** Opening DATA RECORDS block **

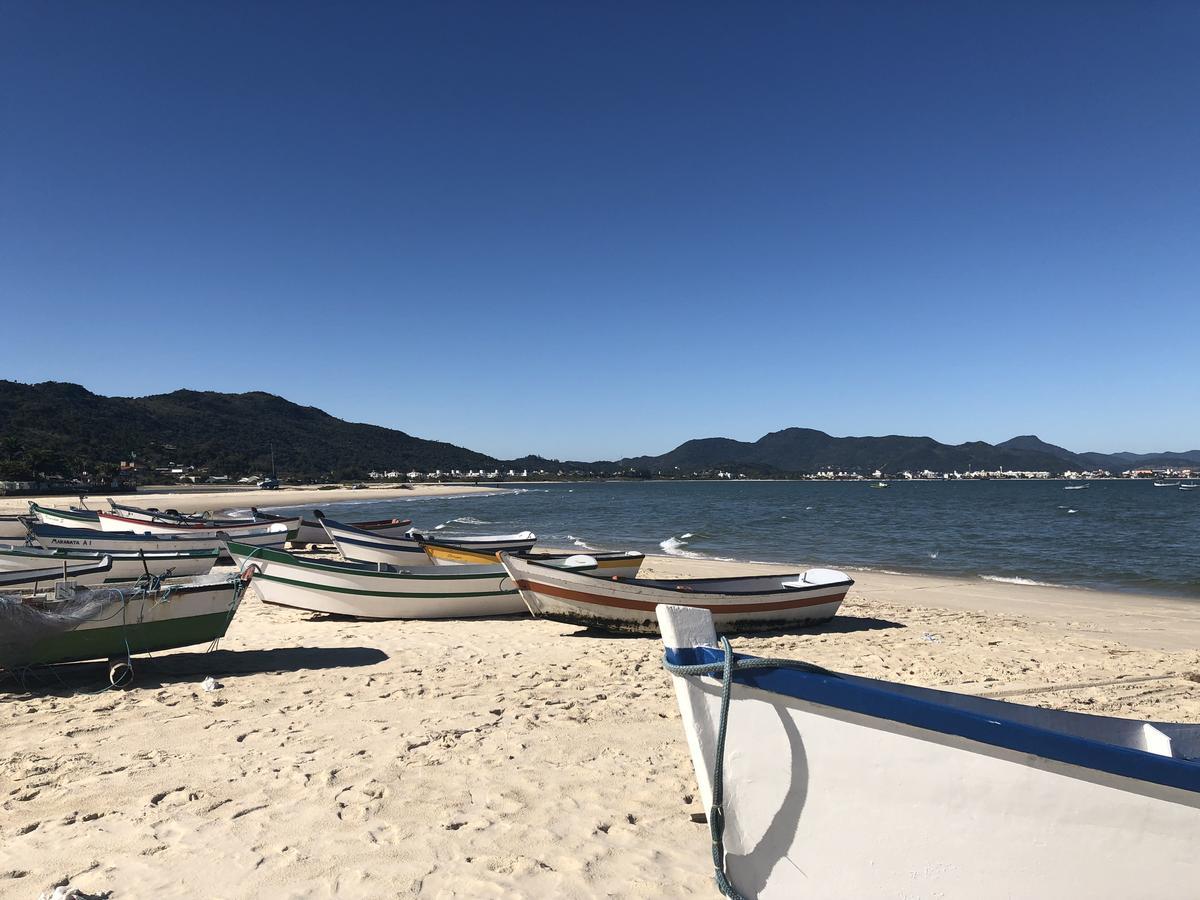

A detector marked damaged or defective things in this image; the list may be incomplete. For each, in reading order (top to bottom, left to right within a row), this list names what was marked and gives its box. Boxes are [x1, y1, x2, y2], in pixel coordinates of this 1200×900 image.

rust striped boat [496, 552, 852, 636]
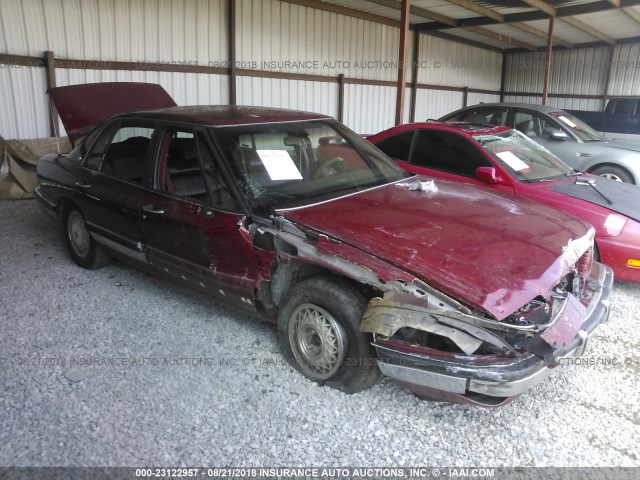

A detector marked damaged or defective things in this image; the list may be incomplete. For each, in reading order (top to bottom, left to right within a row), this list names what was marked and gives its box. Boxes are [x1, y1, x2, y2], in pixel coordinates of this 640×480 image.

damaged maroon sedan [37, 82, 612, 404]
car front end damage [358, 229, 612, 404]
crushed front bumper [364, 260, 616, 404]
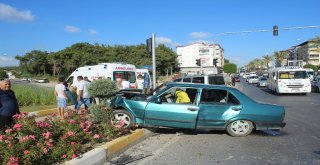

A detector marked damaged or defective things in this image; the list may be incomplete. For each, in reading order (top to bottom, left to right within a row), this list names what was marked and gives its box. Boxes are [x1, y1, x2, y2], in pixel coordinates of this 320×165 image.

damaged green sedan [111, 82, 286, 137]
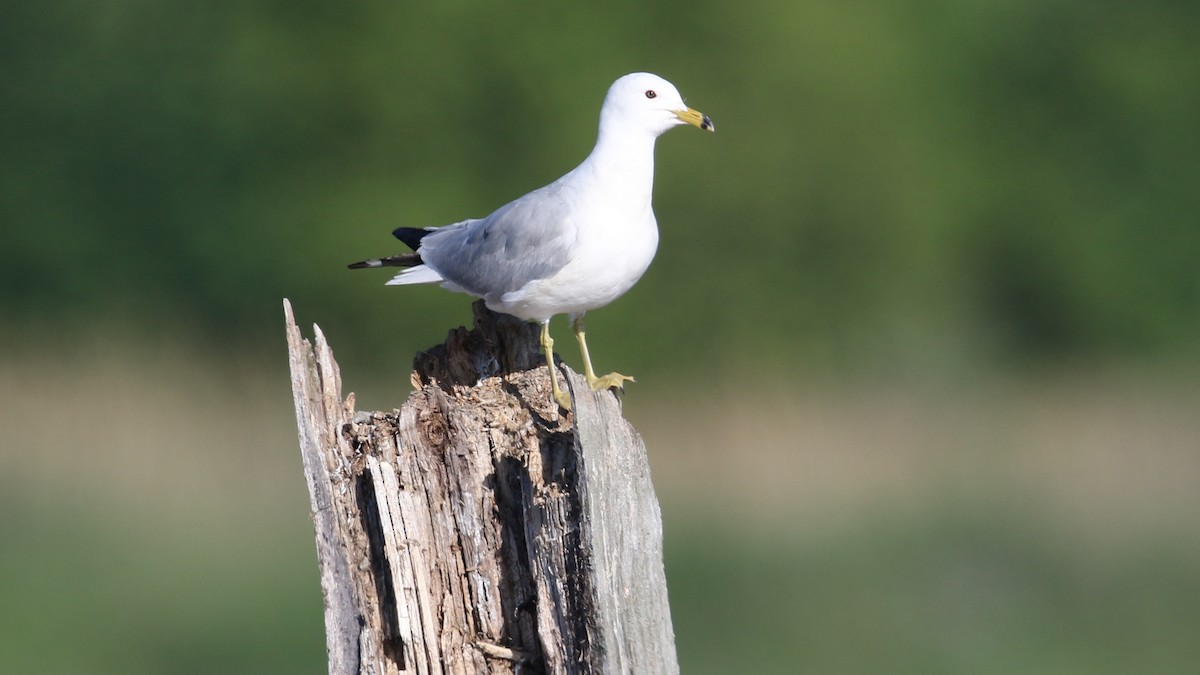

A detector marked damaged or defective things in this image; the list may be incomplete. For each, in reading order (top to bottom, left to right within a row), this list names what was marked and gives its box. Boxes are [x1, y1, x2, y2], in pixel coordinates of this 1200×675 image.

splintered wood [282, 299, 676, 672]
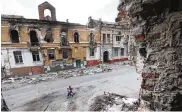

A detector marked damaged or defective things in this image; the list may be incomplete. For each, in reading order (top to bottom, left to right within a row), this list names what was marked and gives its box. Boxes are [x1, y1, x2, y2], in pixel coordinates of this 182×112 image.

burned facade [116, 0, 182, 110]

** Closing DATA RECORDS block **

§ **WHAT THE TASK REQUIRES**
Every line between the one containing "this 320×165 image." and the last line of the data above, both included, should be copied exactly, but not the pictures.

§ **RESULT FOR THIS EXERCISE**
A detector marked damaged or defective things in this image; the list may be incomplete. For each, in reading order (top to bottom, left to right within a row), this list names what was marked and gives its box. Boxes are [x1, y1, x2, y2], in pixel coordinates of this 320×165 image.

damaged green sedan [111, 82, 286, 137]

A detector marked damaged or defective things in this image; the list may be incomplete. For each, in reading order (top to bottom, left to right within a row), this list names what was marked and gives its box. Boxes are [x1, y1, x2, y2], in pixel coordinates of this 1200×675 image.

splintered wood [282, 299, 676, 672]

A detector marked damaged or defective things in this image; the list may be incomplete. For each, in reading order (top to bottom, left to right within a row), this list names what was marked and gives its box. Boxes are [x1, y1, x2, y2], in pixel coordinates of this 182×112 image.

burned facade [116, 0, 182, 110]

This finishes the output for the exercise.